Aug 21, 2007

[Horizons: The MMO That Just.Won't.Die.]

  If you're familiar with the debacle that was the launch of Vanguard (and the subsequent drama-riffic crash and burn of it's developer, Sigil), then the saga of Horizons: Empire of Istaria will sound mighty familiar:

1. Game developer (Artifact Games) promises all kinds of cool, innovative features.
2. CO is an idealist with little clue how to run a company, deal with employees, or actually make significant progress.
3. Original publisher drops the game before it's released.
4. Bugtastic, broken-content, horrible performance, and lack of many advertised features plague the game's release.
5. Bankruptcy of the development studio ensues.
6. Original devs create a 'new' company, Tulga, (*cough*tax shelter*cough*) and maintain the game on minimal life support.

  Only for some reason, Horizons inspires near-religious loyalty among it's (tiny) remaining playerbase. Seriously, it's pretty amazing. I really think only a few hundred people even play this game, but despite the huge grinds, the 90% content-free gameworld, and ridiculously bad game client, these people just keep on keepin' on.

  After about three years of this, Tulga finally got it's lifeline pulled, and some shady ghetto-publisher bought the rights to the game. Things went from bad to worse (my opinion is that EI Interactive is also a tax-shelter joke company like Tulga, but that's neither here nor there). Basically, for the past year, absolutely ZERO has been done to develop or fix the game, aside from keeping the servers plugged in. Even billing no longer works, allowing ex-players to play the game even though they no longer have paying accounts (Not that I'm guilty of that at all... *cough*)

  After a year of THAT, someone apparently has busted out the defibrilator once again; some Tulga employees, under the name 'Virtrium', in cahoots with some of the players themselves, have apparently organized a takeback of their game.

  All I have to say is... holy CRAP. I mean, I know we MMORPGers get attached to our games, but this has to be one of the most obsessive lifesaving efforts I've ever seen.

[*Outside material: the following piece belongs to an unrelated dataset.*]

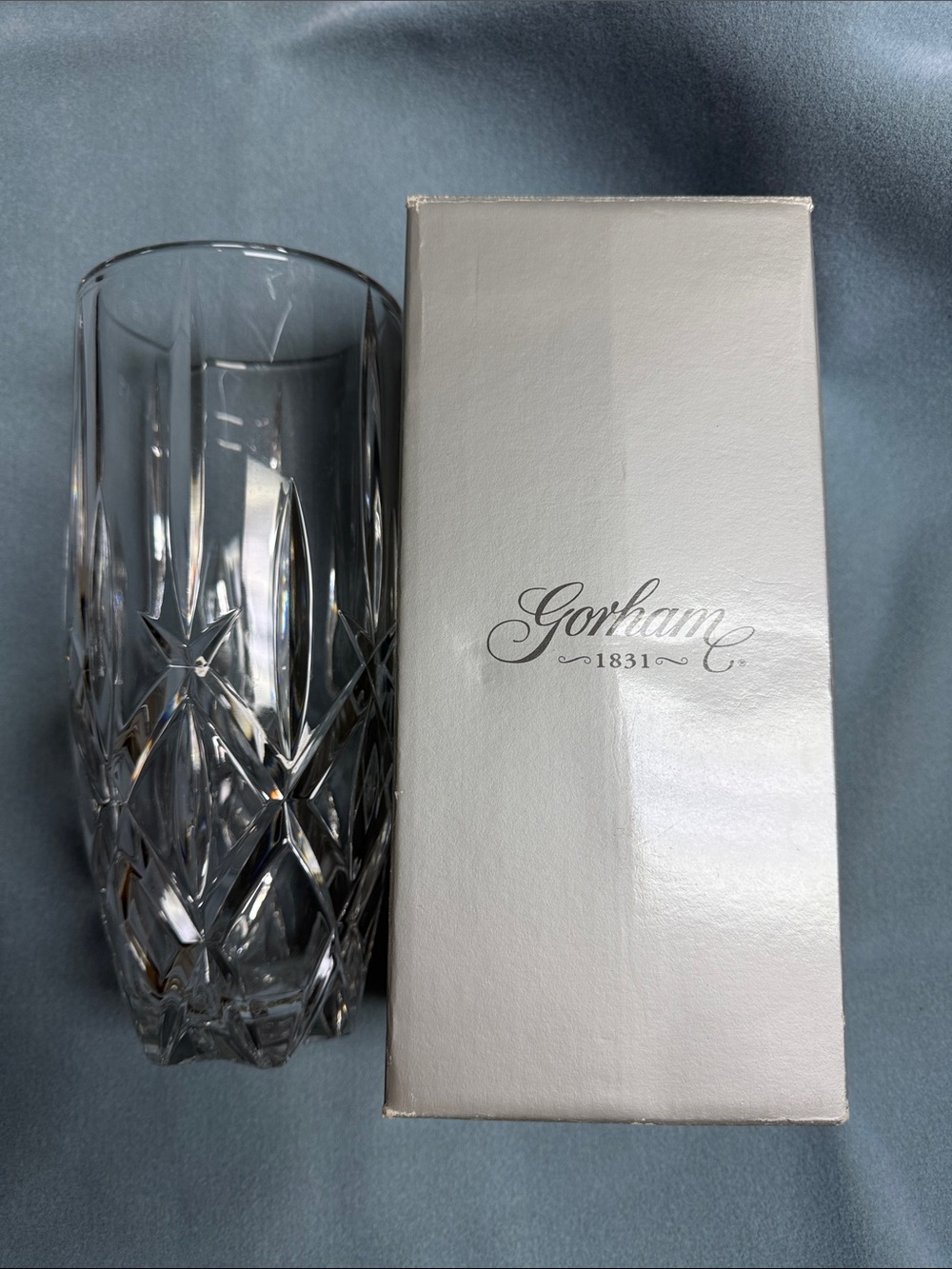 Gorham Lady Ann Clear Cut Crystal Flower Vase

 Now, I've played Horizons. Despite all the bad reviews, the game had three aspects I heard good things about: flying playable dragons (woohoo!), intricate crafting, and a strong community. In my opinion, the world is also one of the best-crafted ones I've seen, in terms of landscaping and placement of cool landmarks for explorers to stumble upon (one of my favorite MMO pastimes).
  However, the level/crafting grinds are atrocious, unlimited multiclassing means players can get to godmode and never need to play with anyone else, and, like I've said before, 90% of the world isn't even populated with mobs. And the fanbase, being so small, has a lot of unpleasant incestuous drama and clique-ism that all isolated small groups tend to develop after a while.

  In my opinion, it's the presence of free-flight for dragons, and the fact that dragons are playable race in the first place, is what inspires a lot of this rabid fan-loyalty. Never underestimate the power of dragons. =P

  But I have to admit to being really baffled by these latest turns of events. Even as someone who liked the game for the first few months of playing, it reached the point where the grinds, poor game client performance, lack of content, and broken gameplay just didn't make it worth my time or money, dragons or no dragons.

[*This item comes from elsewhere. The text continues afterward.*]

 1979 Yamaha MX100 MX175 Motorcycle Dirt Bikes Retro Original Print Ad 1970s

  And yet... the die hard fans and devs of this game just will not give up trying to make Horizons fulfill the potential they see in it, even if it takes years longer than most sane people would tolerate. I don't know whether to be impressed by their passion, or moved to pity by their inability to move on with their lives.

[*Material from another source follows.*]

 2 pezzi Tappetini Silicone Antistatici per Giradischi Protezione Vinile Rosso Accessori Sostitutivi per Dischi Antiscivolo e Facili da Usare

ETA: Horizons: Empire of Istaria has now been renamed Istaria: Chronicles of the Gifted.

2 comments:

Daniel said...

I played Hz from early beta 3 to a year and a half after release. It maxed at 35,000 subs, then fell steadily. Grind, dragons made frustrating to reduce their great popularity (truly stupid decision), and to a lesser extent bugginess caused the low to hit 5500 or so. Tulga did add much content, tiers 4 & 5 and some 6 content, new continent, etc. Tutorial was redone, dragons made more playable, and Ancient Rite of Passage was added. Subs -> 10,000, and trial retention to an astounding 58%. Game hit breakeven, and was sold by the VC owner, Chris Baker to a terrible outfitm EI. New owners, Virtrium are small group of developers, NOT Tulga, nor is Tulga's pres. involved.
It has survived because of unique features; dragons of course, multi-classing, and constructing buildings, crafting machines and bridges and mines. Note that the evils evolved to keep pace with the multi-classed players...

Pai said...

Virtrium has ex-Tulga employees, though. And Bowman (while not technically an employee there) is an assistant to them on the terrain system, that I guess they want to tweak now.

Heck, I wish them all the best. If Meridian59 can stick it out as long as it has, I'm sure HZ can make it too, since it obviously has some passionate support.